Apr 13, 2010
Archive

In which I complain (again?!)

Marco writes:—

Before Instapaper Pro 2.2, I got frequent emails from customers who were upset that they had inadvertently tapped the status bar, which scrolls to the top of the article and loses their position. I understood completely, since losing your read position is a form of minor data loss. Most of them were unaware that this is a systemwide gesture on the iPhone OS: if you tap the status bar in any screen that contains a table view or web view, it scrolls to the top. It’s quite useful if you know about it and expect it, but alarming — and, in Instapaper’s case, destructive — if you don’t.

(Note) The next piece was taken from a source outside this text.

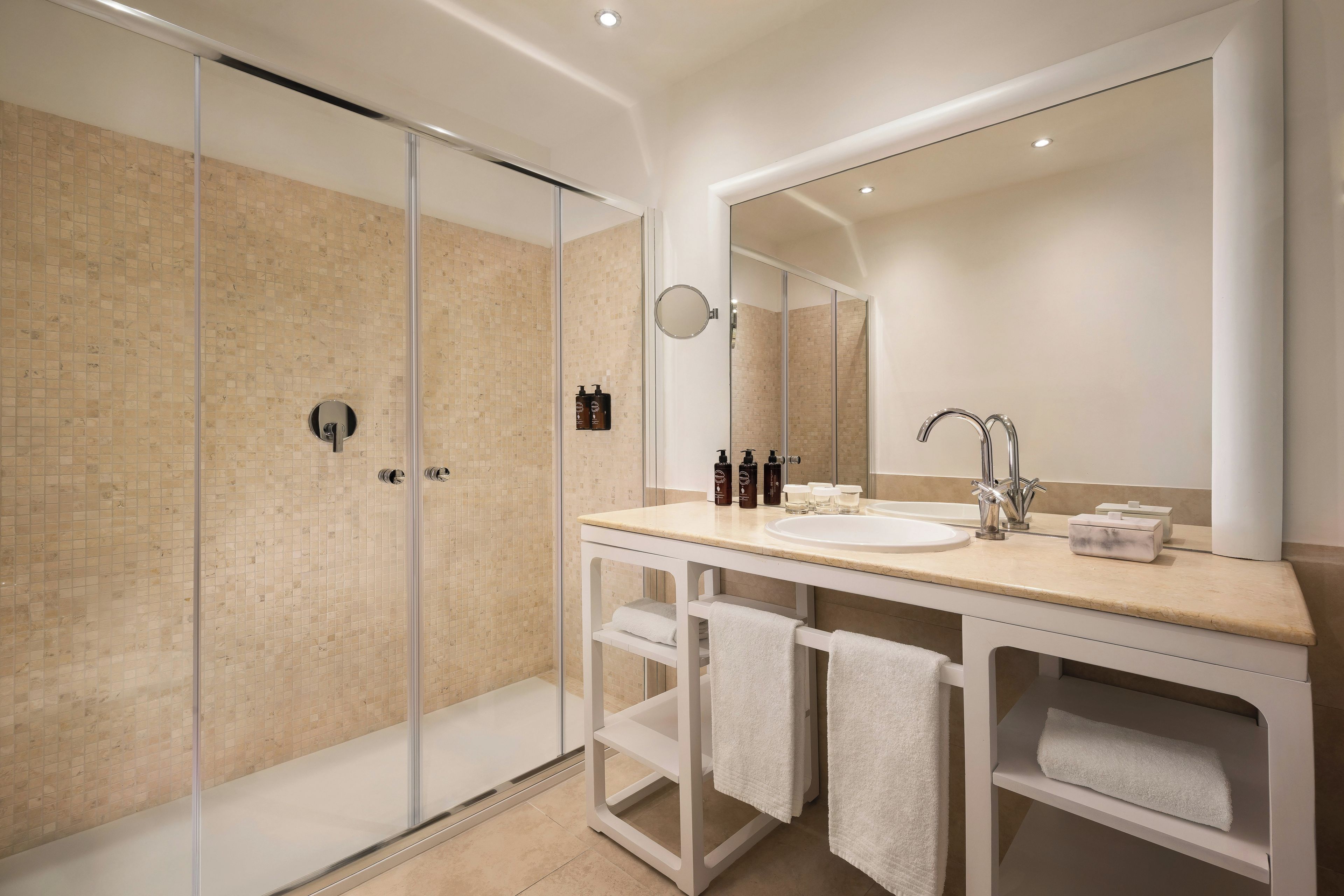 Un baño moderno con cabina de ducha de vidrio, un espejo grande y un lavabo con toalleros.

Finally, today I decided enough was enough. The thirty-third time time I intentionally tapped the status bar to scroll back to the top of an article I was reading in Instapaper Pro (which has otherwise superceded sliced bread), I cracked. Maybe it was related to the fact that the blogpost I was reading was about machines that tell us, annoyingly, what to do (well, more or less). And I scroll up to the top of the article as a kind of reflex, I re-read the title and maybe the opening paragraph as I reflect on the piece, and decide whether to skim back to the good bits and blog or tweet them or just archive it. Pretty much always I decide to archive it, and then there’s this stupid button there! It says “Cancel”. Cancel what? Or “Return to position” — I was at the bottom of the article? Why would I particularly want to go back there so soon after intentionally scrolling to the top?

This reminds me of a time when an annoying man kept telling me to do something. Something obvious, that I clearly already knew, like that my taxes were overdue or something. Definitely something vaguely if at all related to the point of my post.

You know, I’ve been using computers basically since I was born thirty years ago. I think that’s about enough time to consider that when I do something, pretty much I choose to do it. I’ve grown past the stage of pressing random buttons just to see what happens, or to hear the funny sounds, or see the screen light up in that beautiful blue shade. I’ve been using an iPhone for nearly three years, almost one tenth of that time. Did you know that by the time a child is three years old, they can walk on their own without falling over all the time? And they can talk and actually make sense (maybe even more than this post)? Pretty much by that time they’ve worked out the whole intentional vs. accidental thing. I’m pretty sure that I’m not the only person that keeps running into this problem of something needlessly in the way of what I actually want to do (am I really the only one? (so lonely)). Maybe now that I’ve brought it up, you’ll find you cannot unsee it (that, my friends is a very dangerous pair of words to put into google image search (yes, I’ve tried it (although one of the images was of the tumblr logo which is pretty much SFW, at least in my workplace)). I suppose unsee isn’t the right word, more un-not-have-it-pop-up-in-the-way, but that’s more awkward to write.